Shirley's aura followed his gaze. Suddenly she recognised just what she was looking at – a familiar Phoenix aura now tuning into their wavelength. No doubt to Plucky his astral cord looked like an astronaut's tether snaking off into the distance.

"Oh yeah. That big stiff again. Bets, that he's come to gloat as we crash and burn?" Evidently Plucky recognised Colonel Fenix too.

"Plucky!" Shirley's aura squawked in outrage. The phoenix was a wonder to behold, his aura like a perfect gemstone flashing a thousand nameless colours as it reflected all the energies of the astral plane. The swamp-dwelling duck spirit she was carrying suddenly felt more like a rather slimy green boulder.

Glad to meet you! Colonel Fenix matched courses, his voice resonating like an opera singer's in a well-designed auditorium. We haven't much time - you're approaching the Tenth Veil fast, you'll be throwing up too much disturbance to talk then.

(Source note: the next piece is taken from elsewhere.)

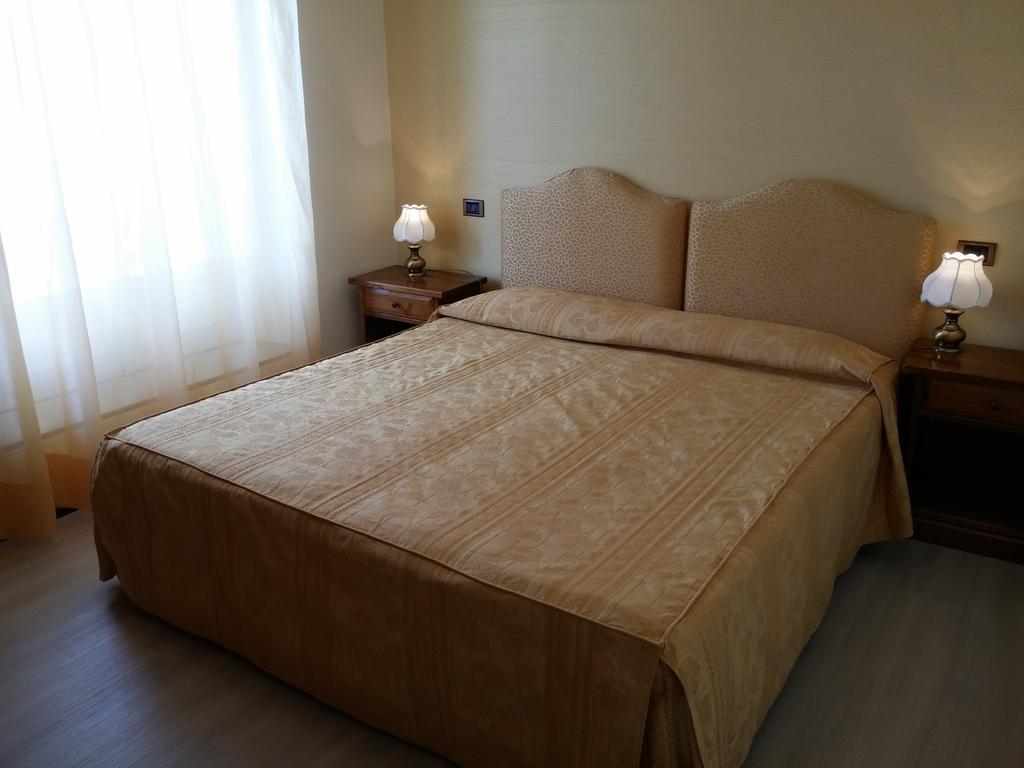 Hotel Riviera Дезенцано-дель-Гарда Экстерьер фото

"Radio blackout on re-entry. Check," Plucky nodded.

Something like that. You could say I've got the runway cleared and the crash trucks standing by Hal turned to address Shirley's aura. You're a little out of tune for re-entering your bodies, they've changed a bit since you left them. I need to give you a nudge – like so. That's you set on course. Expect things to happen fast now. I'll see you on the far side of the Veil.

"You're not going to guide us in?" The pale blue eyes of Shirley's aura widened. "I could always bring Plucky home before."

That was like catching a baseball. This is like catching an anvil dropped from eighty stories up Hal winced slightly. Get ready! Next stop, Acme Acres. With that he was gone, snapping back along his astral cord like a stretched and released elastic band.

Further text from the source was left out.